Leveraging Nested MLMC for Sequential Neural Posterior Estimation with Intractable Likelihoods
Xiliang Yang, Yifei Xiong, Zhijian He
TL;DR
This paper tackles simulation-based Bayesian inference with intractable likelihoods by recasting automatic posterior transformation (APT) as a nested estimation problem and introducing multilevel Monte Carlo (MLMC) estimators to efficiently approximate the SNPE loss and its gradients. It develops three MLMC schemes—RU-MLMC (randomized), GRR-MLMC (generalized Russian roulette), and TGRR-MLMC (truncated GRR)—to balance bias, variance, and computational cost, and provides convergence guarantees for stochastic gradient descent under these estimators. The authors validate the approach on multimodal posteriors in moderate dimensions, demonstrating improved posterior accuracy (via MMD, C2ST, LMD, NLOG) while highlighting trade-offs in run time and memory. The work offers practical guidance on selecting MLMC variants under compute budgets and suggests future enhancements such as quasi-Monte Carlo techniques to further reduce variance and improve efficiency in high-dimensional settings.
Abstract
There is a growing interest in studying sequential neural posterior estimation (SNPE) techniques due to their advantages for simulation-based models with intractable likelihoods. The methods aim to learn the posterior from adaptively proposed simulations using neural network-based conditional density estimators. As an SNPE technique, the automatic posterior transformation (APT) method proposed by Greenberg et al. (2019) performs well and scales to high-dimensional data.
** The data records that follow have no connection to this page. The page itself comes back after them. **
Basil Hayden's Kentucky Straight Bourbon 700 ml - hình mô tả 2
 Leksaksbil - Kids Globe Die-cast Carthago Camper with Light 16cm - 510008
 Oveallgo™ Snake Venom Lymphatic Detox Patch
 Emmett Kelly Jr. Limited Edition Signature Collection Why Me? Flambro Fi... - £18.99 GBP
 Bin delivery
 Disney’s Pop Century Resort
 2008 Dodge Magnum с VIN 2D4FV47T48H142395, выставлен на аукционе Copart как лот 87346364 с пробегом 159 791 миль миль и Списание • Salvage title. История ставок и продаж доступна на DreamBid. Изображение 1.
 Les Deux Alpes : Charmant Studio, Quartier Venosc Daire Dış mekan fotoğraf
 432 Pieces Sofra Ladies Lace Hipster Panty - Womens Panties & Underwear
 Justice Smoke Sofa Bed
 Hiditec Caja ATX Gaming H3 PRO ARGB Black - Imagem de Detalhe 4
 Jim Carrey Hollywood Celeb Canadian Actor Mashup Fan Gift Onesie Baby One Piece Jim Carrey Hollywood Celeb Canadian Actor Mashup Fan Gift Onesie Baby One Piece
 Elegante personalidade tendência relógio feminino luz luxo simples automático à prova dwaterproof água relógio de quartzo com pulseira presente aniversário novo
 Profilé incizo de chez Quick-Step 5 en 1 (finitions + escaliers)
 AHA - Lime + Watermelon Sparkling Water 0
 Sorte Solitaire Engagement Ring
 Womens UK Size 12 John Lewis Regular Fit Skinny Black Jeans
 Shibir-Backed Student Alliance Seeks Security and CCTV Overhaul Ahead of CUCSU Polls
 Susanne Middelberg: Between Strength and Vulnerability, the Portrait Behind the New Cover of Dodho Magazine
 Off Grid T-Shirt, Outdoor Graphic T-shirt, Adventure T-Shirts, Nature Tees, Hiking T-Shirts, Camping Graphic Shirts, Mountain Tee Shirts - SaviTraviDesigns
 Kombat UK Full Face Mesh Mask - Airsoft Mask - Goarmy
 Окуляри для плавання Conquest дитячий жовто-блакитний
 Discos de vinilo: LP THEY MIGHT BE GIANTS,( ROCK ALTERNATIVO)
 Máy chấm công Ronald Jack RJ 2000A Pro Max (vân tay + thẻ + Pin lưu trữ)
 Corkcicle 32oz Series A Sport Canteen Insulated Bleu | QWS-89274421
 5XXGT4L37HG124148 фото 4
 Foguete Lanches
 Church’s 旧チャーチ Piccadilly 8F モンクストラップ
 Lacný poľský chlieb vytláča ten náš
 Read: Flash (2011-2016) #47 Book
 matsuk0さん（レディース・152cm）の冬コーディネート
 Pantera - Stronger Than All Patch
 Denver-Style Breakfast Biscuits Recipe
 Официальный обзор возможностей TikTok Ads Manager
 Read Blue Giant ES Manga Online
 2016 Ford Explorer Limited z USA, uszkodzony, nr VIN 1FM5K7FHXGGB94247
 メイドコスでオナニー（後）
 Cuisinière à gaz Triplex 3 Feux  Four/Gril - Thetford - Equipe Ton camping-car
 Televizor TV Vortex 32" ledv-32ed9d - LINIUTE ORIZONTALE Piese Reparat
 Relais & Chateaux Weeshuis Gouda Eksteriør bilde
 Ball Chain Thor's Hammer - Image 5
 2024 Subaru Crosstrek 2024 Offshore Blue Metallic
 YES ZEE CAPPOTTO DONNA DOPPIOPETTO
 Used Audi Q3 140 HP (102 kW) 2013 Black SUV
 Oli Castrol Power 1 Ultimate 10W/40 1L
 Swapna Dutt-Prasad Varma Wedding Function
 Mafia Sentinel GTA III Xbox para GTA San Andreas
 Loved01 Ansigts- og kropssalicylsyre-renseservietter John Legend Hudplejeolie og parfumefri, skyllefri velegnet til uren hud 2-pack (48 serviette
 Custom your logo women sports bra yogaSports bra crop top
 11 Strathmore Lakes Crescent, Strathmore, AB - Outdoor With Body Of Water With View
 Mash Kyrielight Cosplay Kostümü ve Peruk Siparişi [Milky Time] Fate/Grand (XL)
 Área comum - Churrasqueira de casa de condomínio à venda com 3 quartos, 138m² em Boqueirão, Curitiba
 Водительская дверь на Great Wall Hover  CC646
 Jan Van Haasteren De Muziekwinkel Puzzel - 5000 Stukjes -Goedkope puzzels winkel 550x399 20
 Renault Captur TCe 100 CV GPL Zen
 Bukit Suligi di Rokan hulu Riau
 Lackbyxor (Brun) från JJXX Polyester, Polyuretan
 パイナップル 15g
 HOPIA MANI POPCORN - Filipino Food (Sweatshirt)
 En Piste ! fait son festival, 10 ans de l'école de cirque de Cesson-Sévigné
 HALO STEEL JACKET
However, the APT method requires computing the expectation of the logarithm of an intractable normalizing constant, i.e., a nested expectation. Although atomic proposals were used to render an analytical normalizing constant, it remains challenging to analyze the convergence of learning. In this paper, we reformulate APT as a nested estimation problem. Building on this, we construct several multilevel Monte Carlo (MLMC) estimators for the loss function and its gradients to accommodate different scenarios, including two unbiased estimators, and a biased estimator that trades a small bias for reduced variance and controlled runtime and memory usage. We also provide convergence results of stochastic gradient descent to quantify the interaction of the bias and variance of the gradient estimator. Numerical experiments for approximating complex posteriors with multimodality in moderate dimensions are provided to examine the effectiveness of the proposed methods.